Okay, so the AFSS model has this framework. We are starting off with hazards that are in feed ingredients, and we are going to follow it into individual ingredients, how those ingredients are processed during manufacturing because those processing methods may affect the levels of the hazards, either increasing the amount of hazard by a concentration effect or possibly diluting it out or removing it. We have what we are calling “modifying factors” that will address that. And then getting down to what is in the final feed. So we have hazards from each of the -- hazard ingredient pairs, and then when we put the feed together, we are totaling up the hazards that may be in from the different ingredients and estimating exposure to a given hazard in the feed.
Then we are going to follow that up to look at humans, if it happens to be a food-producing animal, what residues may exist to -- that would eventually pose a risk to humans.
Just an overview of where these contaminants might be coming from. Obviously, there are a lot of sources from different starting materials, and you can see from there that the main categories of hazards we are trying to look for are Mycotoxins, agricultural chemicals such as PCB or Dioxins, microbial pathogens, metals -- cadmium, mercury, lead -- or possibly drug residues and TSEs.
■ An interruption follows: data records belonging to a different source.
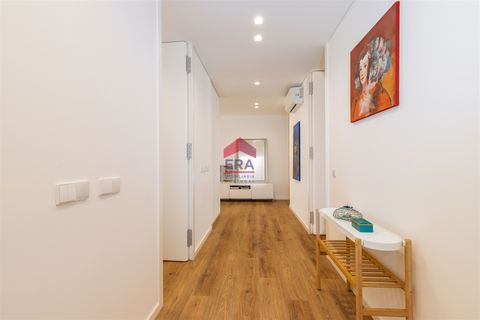 4 bedrooms Apartment in Olhao, Portugal No. 325617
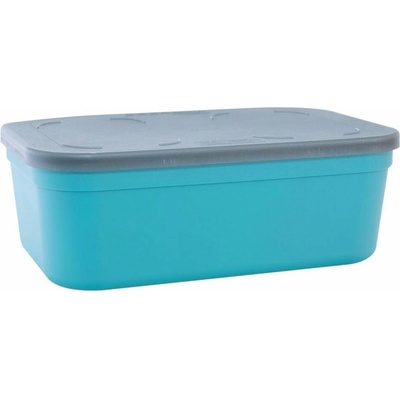 Drennan Krabička DMS Bait Seal Box 1,7 l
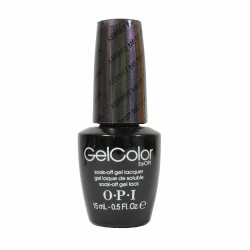 Opi, Gel Color, Ojă semipermanentă, Kermit permite-mi să vorbesc, 15 ml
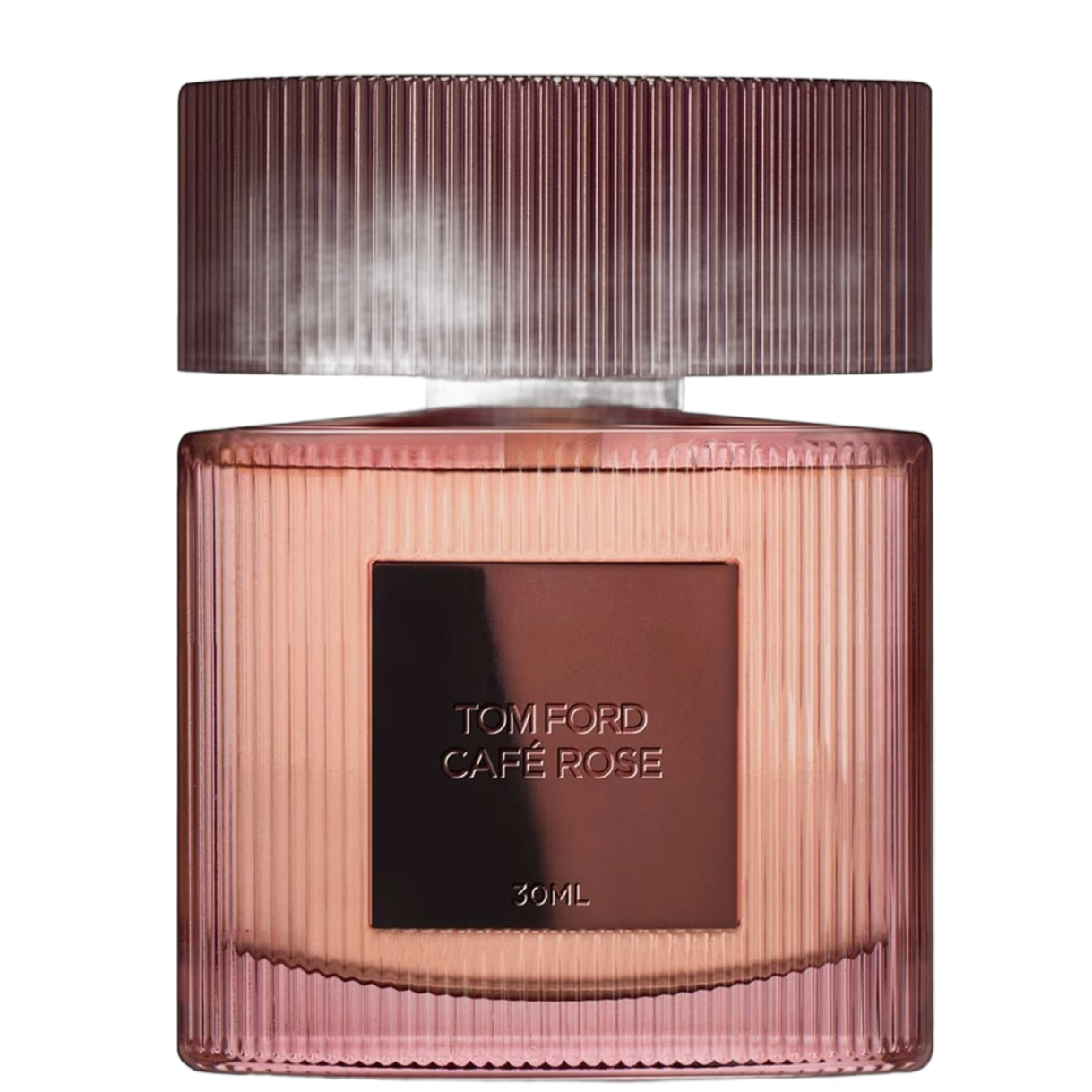 Tom Ford Cafe Rose woda perfumowana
The model that we have now at this point in time is not really addressing drug residues or TSEs currently. We hope to expand it to that at one point in time, but we are mainly focusing on the first four categories of hazards.
Okay, so we have a feed contaminants program. It is where I started out at. We do do some sampling and have some results on these chemicals, or elements -- certain pesticides, certain heavy metals, Mycotoxins, microbial pathogens, and the Dioxins in PCBs.
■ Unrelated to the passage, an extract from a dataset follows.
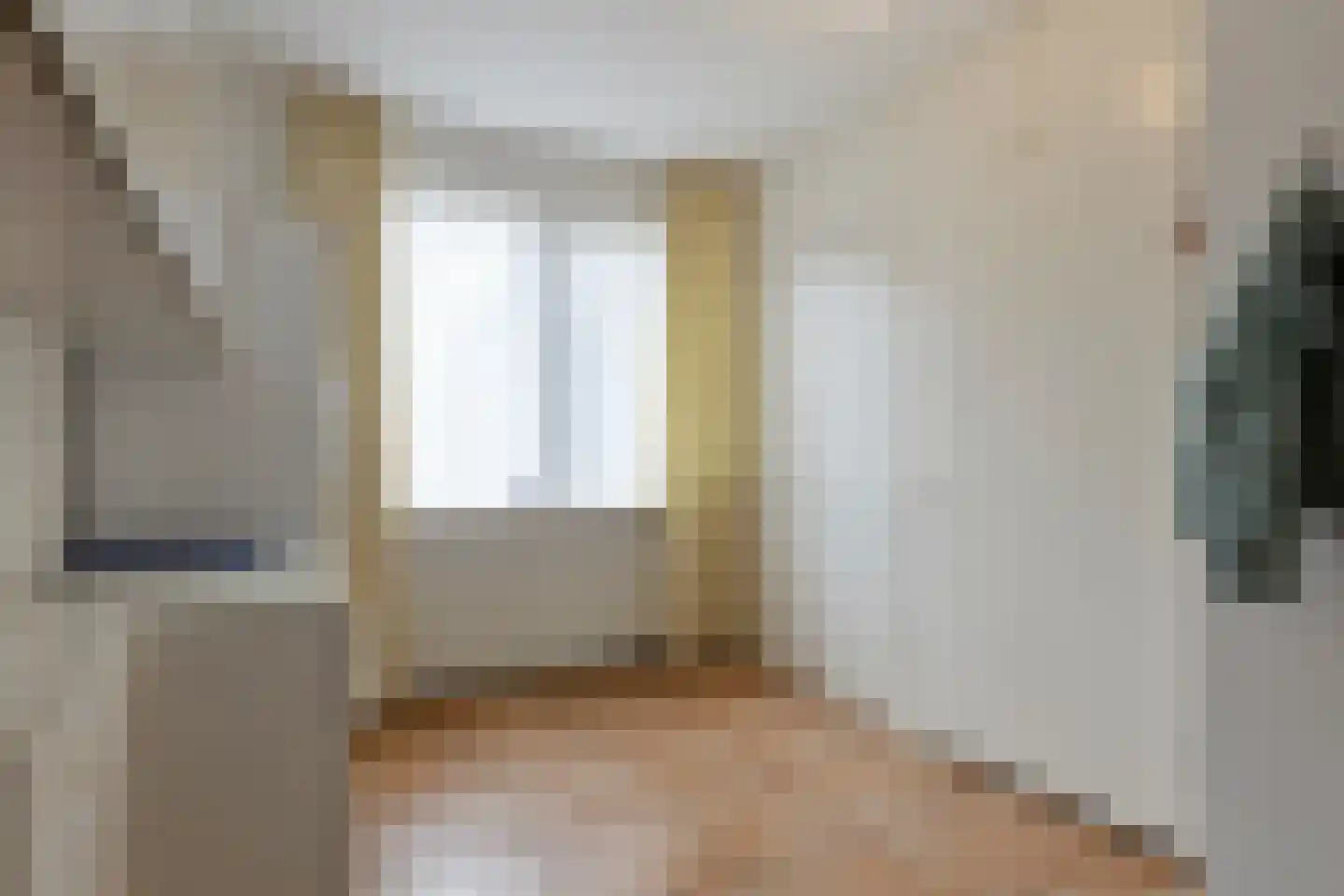 Laagstraat 12 Haren thumbnail 25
So this is -- the feed contaminants program is our main source of data. We have been scouring and asking for additional data, but not received much at all. So we are always -- I will put out another pitch -- we are always glad to talk to somebody who might be able to provide us with some additional data. I know our colleagues in Canada have mentioned to us that they might have some relevant data, and we would love to get that, so we -- I have to continue those conversations.
Okay, so we are going to have data on some ingredient contaminant levels from our feed compliance program. We will also have some data on complete feeds, and this is going to provide an interesting check on our methods of estimating exposure. In other words -- and you will see this more for the chemicals than you will for the microbials at this point in time. We are estimating -- trying to follow levels of a hazard, a chemical hazard, that starts in the ingredients and go through into the final feed. And if we do a good job of estimating that, it should be fairly close to what we are finding in our mixed feed results. It means that we did a good job. And we have had pretty good luck with that, but that will be -- we will talk about that further under the chemicals talks.
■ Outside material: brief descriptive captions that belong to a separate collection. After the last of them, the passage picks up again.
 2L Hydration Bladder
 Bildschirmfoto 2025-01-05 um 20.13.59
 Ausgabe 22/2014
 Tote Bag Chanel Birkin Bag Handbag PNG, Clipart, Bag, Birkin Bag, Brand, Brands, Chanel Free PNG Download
Okay, so what you are about to hear is you are going to hear Phares Okelo talk about the risk-ranking model that we are developing. Up to now, before Phares has put in some pretty intensive effort, we had everything in spreadsheets.
Phares is working on putting a nice front end and refining things. He has made a lot of advancements, mostly on the microbial side, and we are hoping to pour a lot of the chemical portions of the model into the same sheet, into the same approach. And we thought -- think that it will be a good refinement for what we have done on the chemical contaminants.
Then, Jerry Rushin is going to talk about using that risk-ranking model and its application to microbial pathogens.
Then I am going to come back and talk about a risk-ranking model because we haven’t implemented it in the model that Phares and Jerry are going to be talking about, but we are able to use our existing model to come up with a ranking of chemical contaminants.
The last slide will be our ranking at this point in time, a little thing to look forward to, and hopefully I won’t be laughed off the stage when you see that list. And that is what is coming up. So, Phares is up next.
Are there any questions while I convert over?